Some die-hard SciFi fans focus on the science and are wont to nitpick the details that don’t measure up to their scientific standards. I think it’s important that when reading SciFi, you don’t forget that half of the title of the genre is “fiction.” SciFi is not supposed to read like the manual to your stereo receiver. To write good SciFi, you must write a good story.
How to Write Science Fiction
The first step in adding to this expansive genre is: read SciFi. Once again, the prevailing advice is “read.” Like yesterday, I recommend reading lots of SciFi stories in order to get the feel and flavor in your head. You should become familiar with the tropes, because that is the shorthand you will need to speak the same language as SciFi readers.
Reading SciFi stories also informs you of what territory has been recently trod.

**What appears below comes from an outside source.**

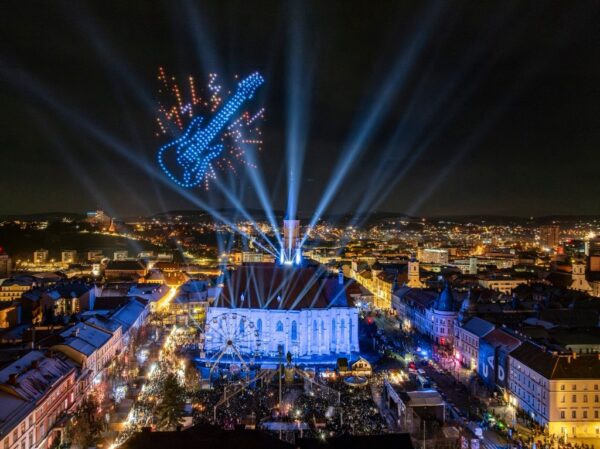 La mulți ani 2026! Centrul Clujului a strălucit de Revelion. Vezi mesajul primarului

If you set out to write a story about a permanent settlement on The Moon, you might want to read stories like Artemis to see how another writer approached the subject.
Before I move on from the advice of “read SciFi to write SciFi,” I want to recommend that you talk to M. Todd Gallowglas about The Road by Cormac McCarthy. He will go into great detail about the importance of knowing the genre you’re writing in, even if your novel wins The Pulitzer Prize.
What else should you do to write SciFi? Research.
As an example of how research can make your SciFi story greater, I present The Lady Astronaut series by Mary Robinette Kowal. Mary Robinette clearly loves the subject. She did enough research into NASA and space flights that if you ever find yourself on a tour of NASA with her, she will provide additional insights and information such that the tour guide learns things right alongside you.
Research into the subject does not mean you must become a subject matter expert. It means that you become familiar enough that you can reliably rest plot points and environmental details on specific, real information that gives your story a sense of reality that you don’t find in other genres.
As Mary Robinette herself has stated on Writing Excuses and in person, she is not a mathematician. She is not an astronaut herself, and she doesn’t know all of the things that her characters know. However, she’s done enough research that she can ask actual astronauts and material experts the right questions, so that she can present the information in a clear and cohesive way.
Since I have now encouraged you to do research before launching into your story, let me offer a word of caution. Do the research, but pay attention to your story. After you have gone and learned a bunch of great information, the temptation is to dump all of that knowledge onto the page, whether or not it fits. Do not do this. Your goal is to write a good story, first and foremost. Do not turn your story into a science report or a reference manual.
You may have heard the phrase “kill your darlings.” This doesn’t necessarily mean kill your characters. What it really means is that you need to let go the things you love that are not serving your story. If you filled a chapter with intricate scientific equations because you spent a week figuring it out, only to discover that it’s interrupting the pacing and flow of your story, THAT is a “darling” that needs to be cut.
I love SciFi. I think you should, too. If you have not written any SciFi, give it a try. Start with some short fiction, maybe some flash that you don’t intend to share with anyone. Set your tiny story on a space ship between the stars with two characters that don’t get along very well, forced to deal with a problem they need each other to solve. You can outline this, using the advice I gave two days ago, or you can try/fail your way through this the way I described yesterday. Immerse yourself in this story for just a moment, and see how it feels. Maybe SciFi is your jam, too!